A recente passagem da atriz Anne Hathaway pelo tapete vermelho da estreia do filme O Fim da Rua, em Los Angeles, virou centro de uma intensa discussão na internet. O figurino escolhido pela estrela de Hollywood acabou recebendo uma enxurrada de apontamentos negativos em perfis e redes sociais.
Diante da repercussão do visual da famosa, uma questão fundamental veio à tona. Afinal, qual é o motivo que leva as pessoas a acreditarem que possuem o direito de opinar sobre o físico de uma mulher grávida?
Os impactos da comparação na gravidez
A cobrança excessiva por uma estética perfeita durante o período de gravidez afeta profundamente a saúde emocional feminina. Nesse contexto, a constante exibição de imagens manipuladas ou perfeitamente produzidas cria expectativas irreais para quem consome esses conteúdos diariamente.
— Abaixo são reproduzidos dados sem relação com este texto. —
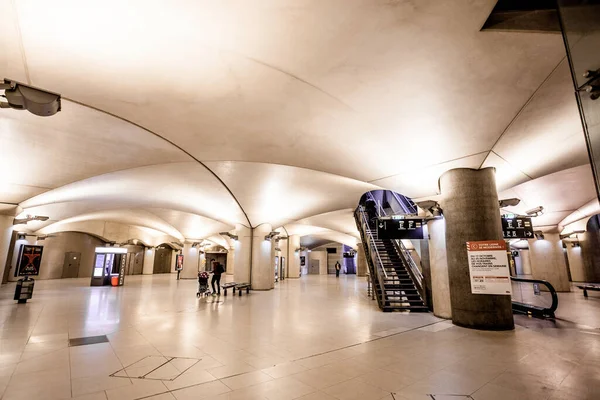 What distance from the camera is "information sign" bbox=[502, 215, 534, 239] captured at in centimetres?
975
"Quando uma mulher vê constantemente nas redes sociais corpos que parecem representar um padrão ideal, mesmo sabendo que existem filtros, edição e produção por trás dessas imagens, ela pode começar a comparar a própria realidade com uma versão cuidadosamente construída da vida de outra pessoa. Essa comparação repetida pode gerar sentimentos de inadequação, culpa e insatisfação corporal. O mais importante é lembrar que não existe um único modelo de corpo, inclusive durante a gravidez, e que a exposição contínua a determinados padrões pode distorcer a percepção do que é normal e possível", analisa Jhoanne Hansen, psicóloga e cofundadora da Desvirtua.
A ciência por trás da diversidade do corpo gestacional
Além dos impactos psicológicos, a tentativa de enquadrar o desenvolvimento gestacional em um molde padronizado ignora fatores biológicos cruciais. A anatomia de cada paciente reage de forma única aos meses de desenvolvimento do bebê.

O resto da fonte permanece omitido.